Na lógica produtivista, administradores/administradoras utilizam-se de recursos linguísticos-discursivos na prática social, a fim de promoverem discursos em prol da adesão completa do indivíduo ao trabalho. Esses discursos são perpassados por feixes de poder, controle e dominação de indivíduos. Um controle não só físico, mas psíquico, a fim de alcançar os resultados organizacionais.

 

"Você tem que dar o melhor de si!" 

"É preciso vestir a camisa!" 

"Aqui só há lugar para vencedores/as!" 

 

Buscam-se mobilizar pulsões a favor do trabalho, criando relações próximas, intersubjetivas, de "parceria" com o indivíduo, o que pressupõe cooperação e reconhecimento. Entre coerções e privilégios, ele é aprisionado afetivamente. Isso abre precedentes ao produtivismo, à obsessão por resultados ascendentes e à falta de criticidade.
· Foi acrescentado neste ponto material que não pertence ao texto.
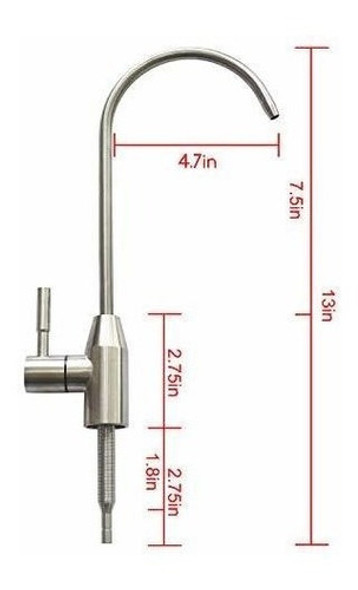 Grifo Kinglev Para Cocina De Acero Inoxidable 304 1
Envolto a falsas promessas de sucesso em uma dimensão gerencialista, o indivíduo tende a se entregar completamente ao trabalho. E assim, entrega também o seu prazer como recurso a ser gerenciado nas mãos de administradores/administradoras. Com a excessiva incitação ao alto desempenho, pode experimentar o desgaste físico e mental.  

 

Cuidadosamente, é importante lembrarmos que, em todos os espaços nos quais circulamos, há processos organizacionais, como na família, escola, igreja, entre outras instituições de poder. Vivemos em uma sociedade organizada, que pretende a todo o tempo homogeneizar pensamentos e condutas. Há uma miríade de regras. Nas organizações, não é diferente. Isso quer dizer que eu e você administramos modos de pensar, agir, relacionar, representar e identificar no contexto sociorganizacional no qual vivemos.